3. Die Verschiedenheit der Sinne.

[100:21] Die Problemlage kompliziert sich für mich noch einmal, wenn man versucht, das allgemeine Reden über
Ästhetisches
zu differenzieren, da es doch immerhin verschiedene Sinne gibt, die an dem Ganzen beteiligt sind. Die generelle Rede von
ästhetischer Erziehung
unterstellt, daß die Sachlage in allen Bereichen des Ästhetischen gleich sei. Das aber ist, wenn ich recht sehe, nicht der Fall. Schon ein flüchtiger Blick auf die verschiedenen Künste zeigt, daß das ästhetische Urteil, über die allgemeinen Bestimmungen Kants und Schillers hinaus, sich mit verschiedenen Operationen auseinandersetzen muß: Die Wortkunst bedient sich der linguistischen Regeln, die Musik kann in einem konventionellen Zeichensystem notiert werden, in der bildenden Kunst ist jedes singuläre Objekt zugleich die
Aufführung
seiner selbst. Analoges gilt für das ästhetische Gewahrwerden: Körperbewegung und Gleichgewichtssinn, das Hören auf den momentan erklingenden, den gerade nachklingenden und den erwarteten Ton, die einer Kombination von Farbempfindungen korrespondierende innere Bewegung – die je besondere Aufmerksamkeit also, die in diesem oder jenem Sinn korrespondiert, setzt dem zusammenfassenden Reden über
Ästhetisches
notwendige Differenzierungen entgegen und verunsichert auch das Reden von ästhetischer Erziehung/Bildung.

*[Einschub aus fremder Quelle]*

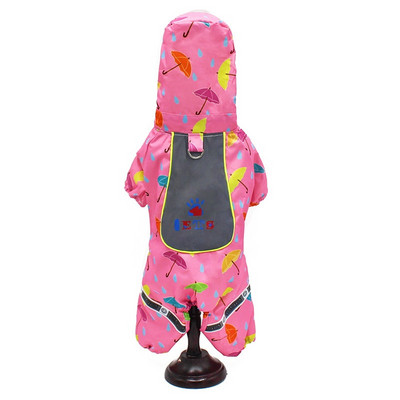 Reflexná pláštenka s kapucňou pre domáce zvieratá, kreslená potlač, roztomilá štvornohá pláštenka pre psov, priehľadná čiapka, potreby pre psov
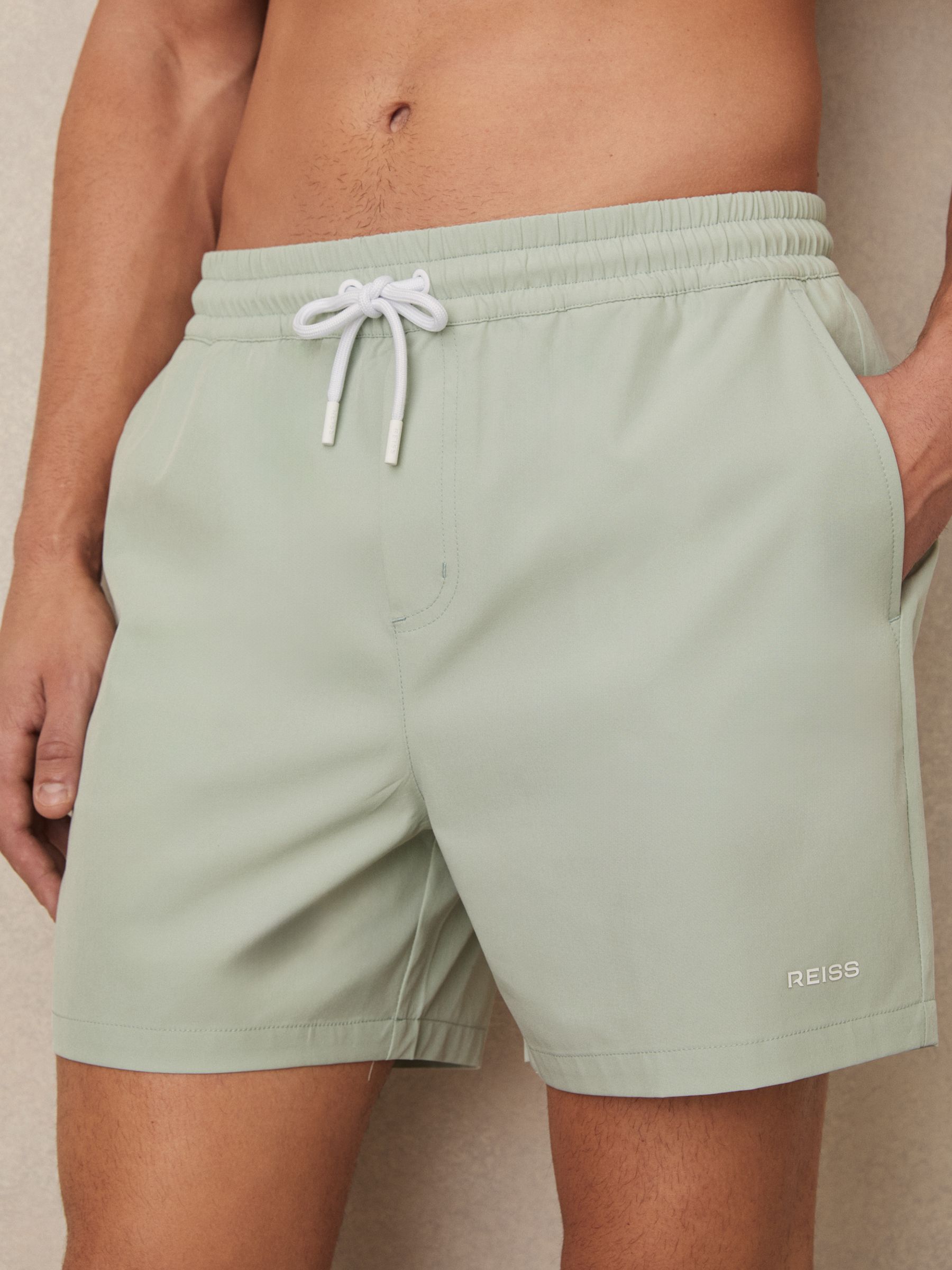 Logo Print Swim Shorts in Mint Green - Image 1 of 5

[100:23] Das Problem ist nicht neu. Diderot in den
Salons
und Lessing im
Laokoon
hatten schon versucht, nicht nur die Verschiedenheit der Künste, sondern auch die Verschiedenheit der dabei beteiligten Sinne zu unterscheiden, und zwar mit Hilfe der Annahme, daß die am ästhetischen Urteil, der ästhetischen Empfindung, den entsprechenden Tätigkeiten und den dabei erzielten Produkten ins Spiel gebrachten Regeln abhängig seien von der Natur oder der Bildungsbedeutung jedes einzelnen Sinnes.
[100:24]
Auf alle Fälle

Scheißt der Hund kei' Gummibälle
.
[100:25] Dieser hessische Kindervers demonstriert das Problem: er ist in kein anderes ästhetisches Medium übersetzbar, ohne Informationsverlust. Auch die Erinnerung an Synästhesien hilft uns nicht weiter. Der Witz ist rein sprachlich. Das ließe sich durch Erörterung der Logik solcher Äußerungen begründen, beispielsweise |b 267|mit Hilfe der Frage, wie denn die Äußerung
Auf alle Fälle
in einem anderen als sprachlichen Medium ausgedrückt werden könnte. In Bild, Ton und Bewegung geht das nicht – wenn ich recht sehe. Heinrich von Kleist hatte ein ähnliches Problem, als er versuchte, die Empfindungen angesichts des Bildes
Der Mönch am Meer
von Caspar David Friedrich in einen poetischen Text zu übertragen. Er behalf sich mit einem
als ob
und mit dem Eingeständnis, daß die heftigen Empfindungen, die das Bild im Gesichtssinn und dessen seelischen Folgen auslöste, im Medium der Sprache nur
verworren
ausgedrückt werden könnten. Nimmt man derartige Sachverhalte, Anmahnungen oder Erinnerungen ernst, dann fällt es nicht mehr so leicht, zusammenfassend über
ästhetische Erziehung
zu reden. Der jeweilige
Sinn der Sinne
, wie H. Pleßner und E. Straus sagen, wäre auszumachen, um wenigstens in die Nähe dessen zu kommen, was dann auch als
Bildungssinn
dieses oder jenes Sinnes zu bestimmen wäre. Ich kann das hier nur andeuten.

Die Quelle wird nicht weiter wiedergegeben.